Today on the Streetsblog Network, Mobilizing the Region
is talking about highway removal. Specifically, the proposed teardown
or reinvention of the 40-year-old Aetna Viaduct in Hartford, CT, which
has already outlived its projected lifespan. Now the Hartford Courant
has become a proponent of the idea that getting rid of the road could
transform Connecticut’s capital city:

When
ConnDOT initially proposed to repair and prop up the viaduct, civic
groups, businesses, and neighborhood associations, led by Tri-State
board member Toni Gold, urged the State and City to rethink the plans. 
Four years later, ConnDOT, Hartford Mayor Eddie Perez and the advocates
have secured federal and city funding to conduct an alternatives study that would analyze whether decking, boulevarding or diverting the current highway traffic is possible.

A
teardown of the Viaduct, the newspaper wrote, could be “one of the
greatest feats of civic activism in the city’s long history.”

The
Aetna Viaduct, which divides some Hartford neighborhoods from the city
center, wasn’t on the list that Congress for the New Urbanism released
last year of the 10 North American highways most in need of demolition. There are bound to be more worthy examples out there. If you have any targets in mind, let us know about them in the comments.
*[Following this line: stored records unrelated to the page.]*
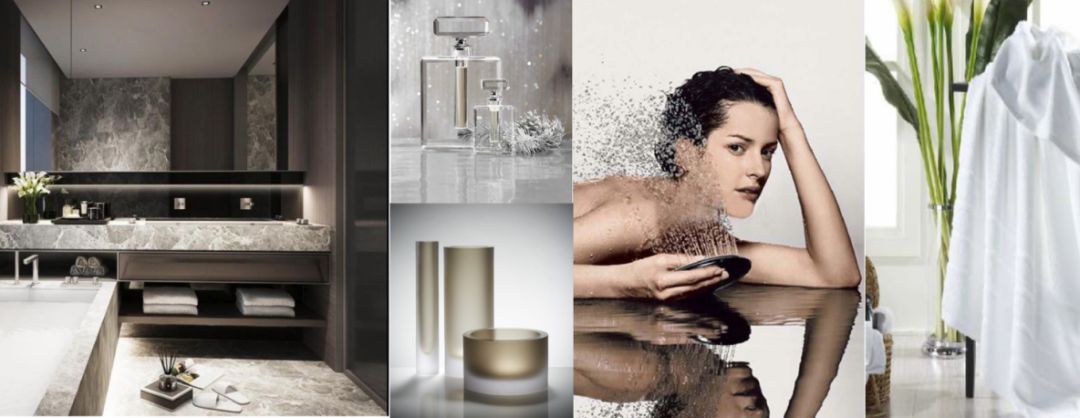 【我的梦】中央香榭别墅下叠全案设计！-89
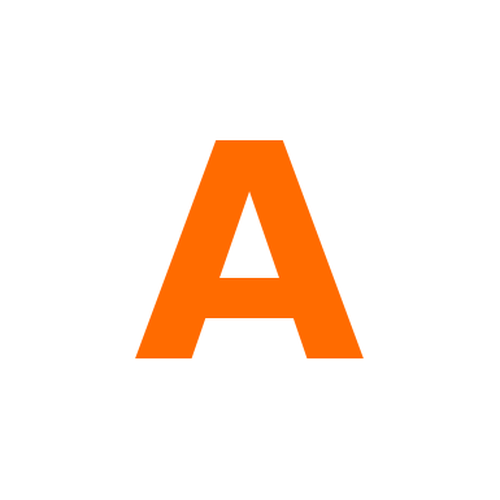 ArboFood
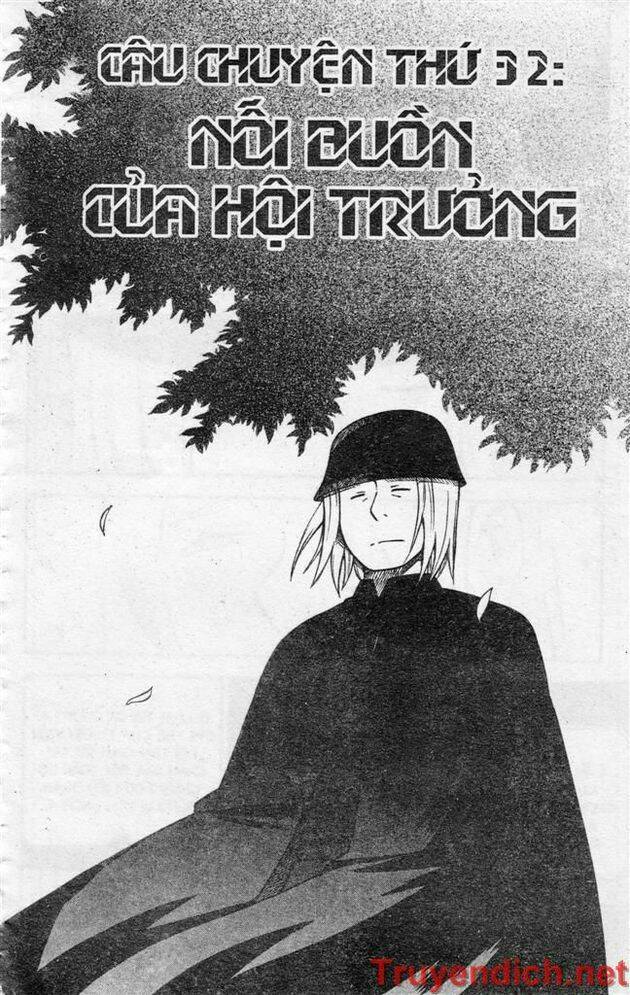 ifrit - danzai no enjin chapter 32 1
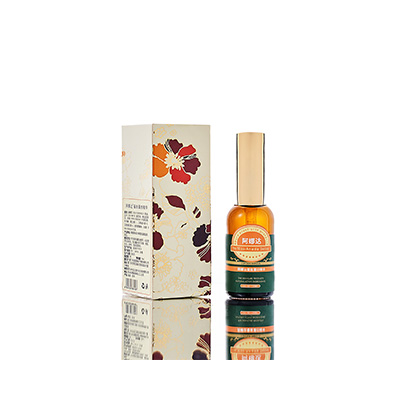 丰泽备孕期日常卫生护理精华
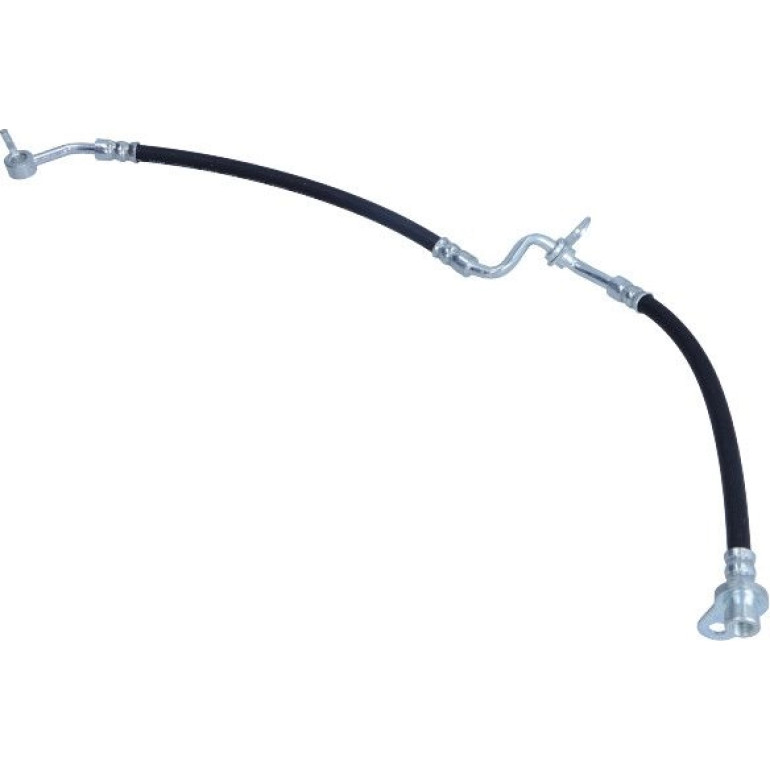Bremsschlauch 52-0269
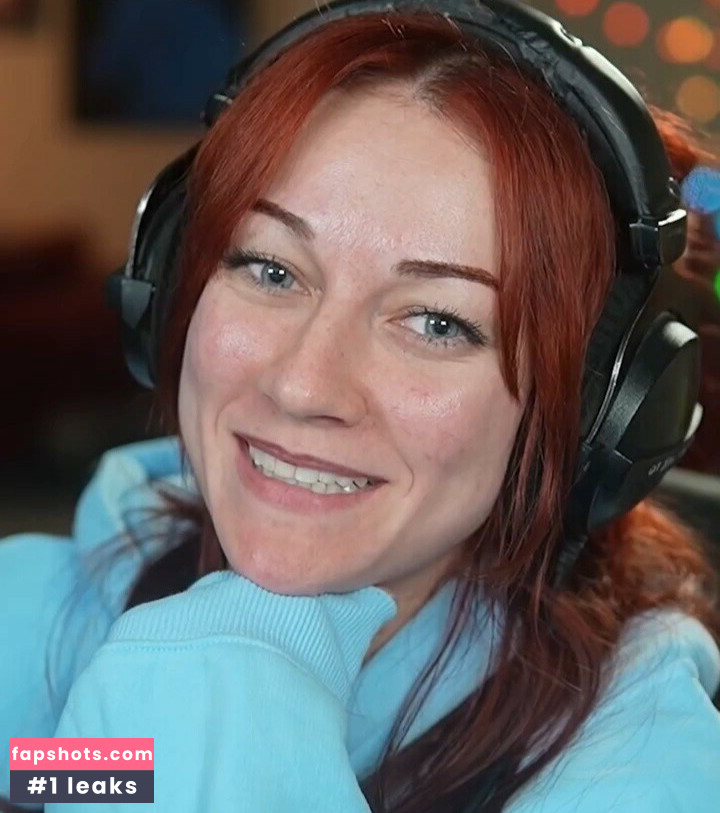 kruzadar Nude Leaks OnlyFans Photos #2 - LeakJerk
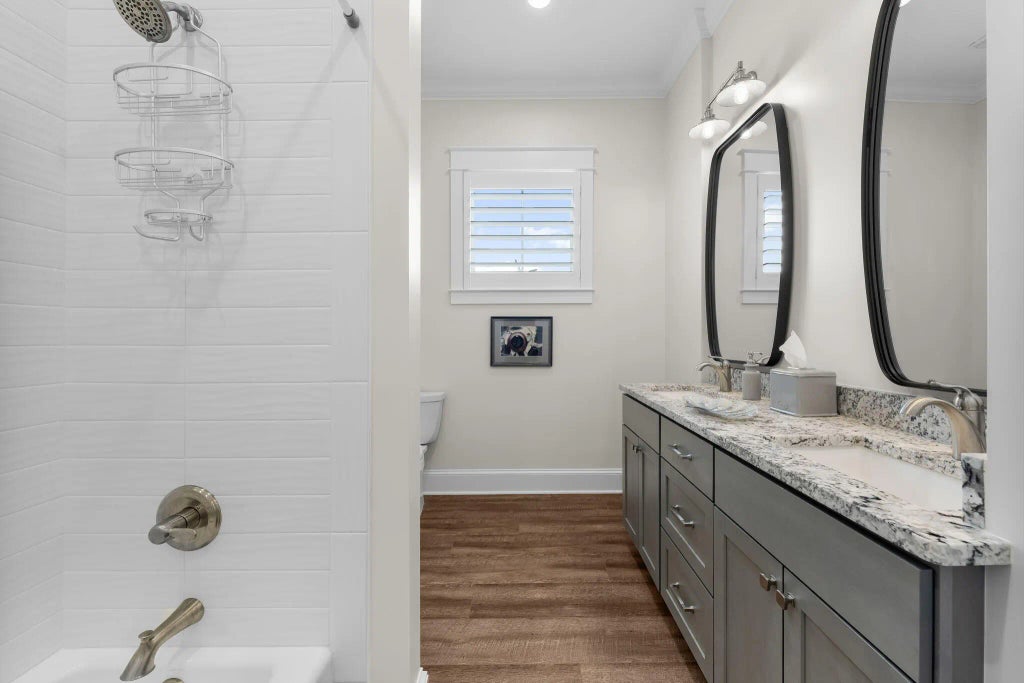 63 of 107 - 167 Downing Street, Panama City Beach, FL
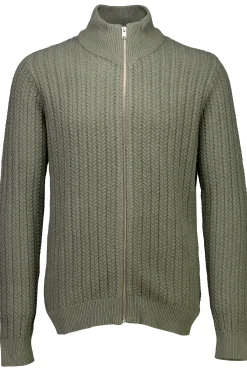 Lindbergh Cardigan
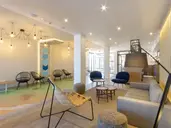 R2 Bahia Kontiki Beach Apartments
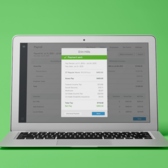 Texas Payroll Taxes: Save Time and Money with Square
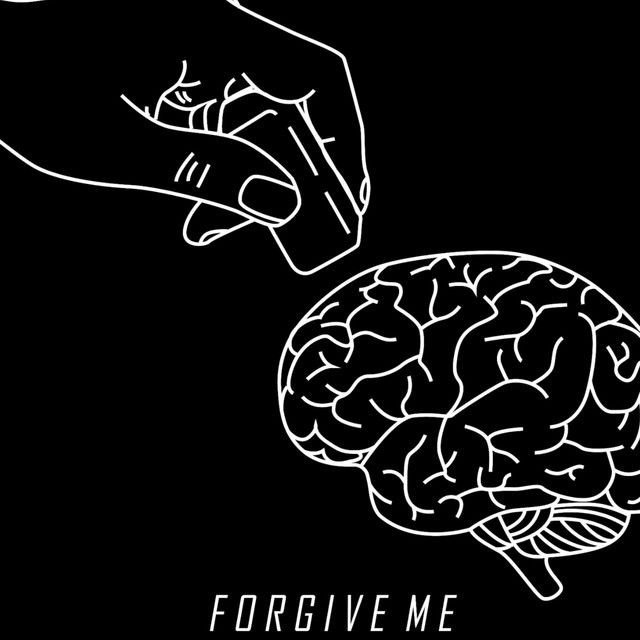 Forgive Me
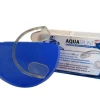 AquaSplint mini CMD-Aufbissschiene| Clearance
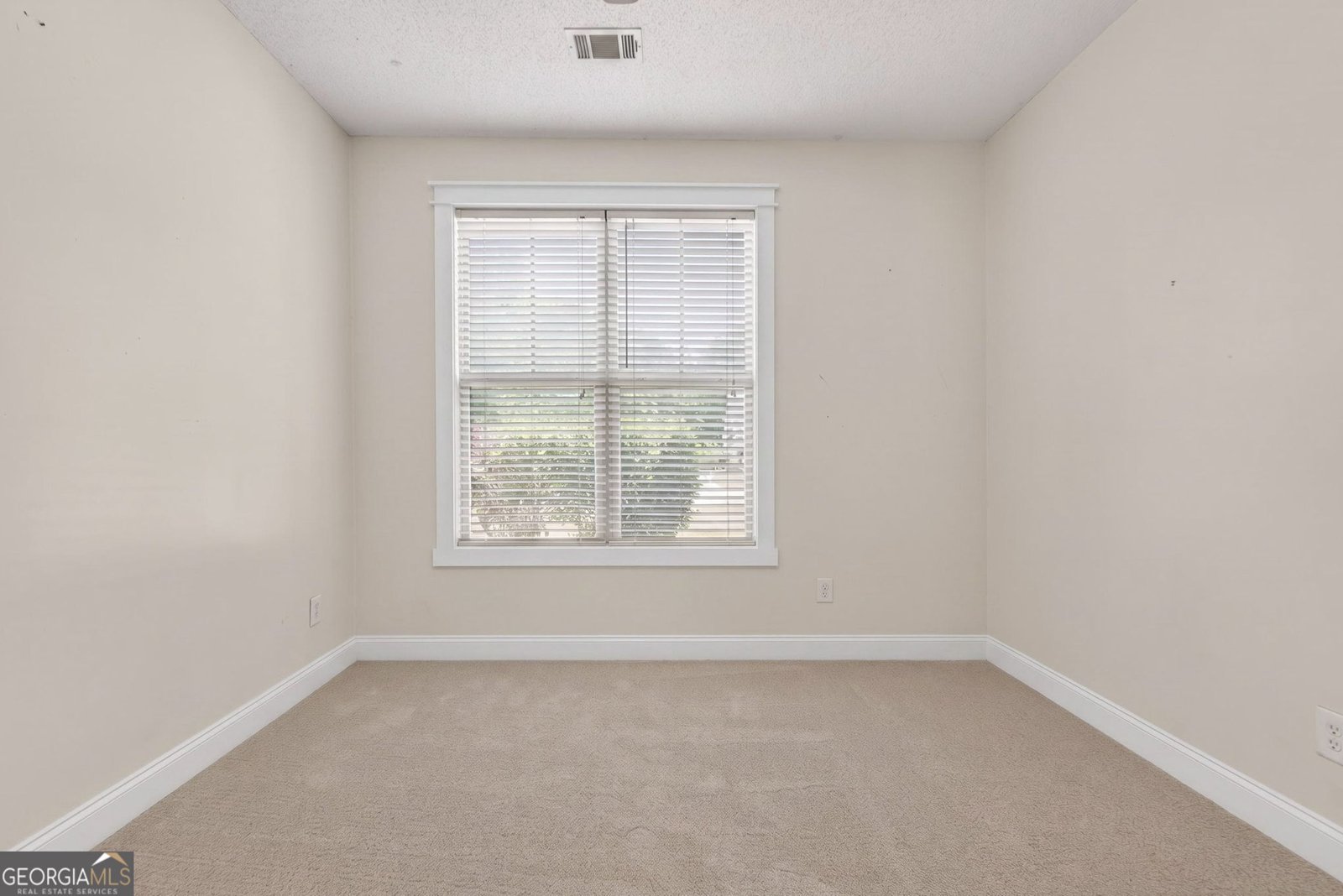 127 Lambdin Circle Barnesville - Photo 24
San Francisco Transit Oriented Design has a related post that looks at the history of highway construction in that city.

Plus: Sustainable Savannah on the continuing saga of the city’s jaywalking crackdown; Tempe Bicycle Action Group warns of bike thefts (and shady bike sales) along the light rail line there; and Trains for America reports on high speed rail fever in Oklahoma.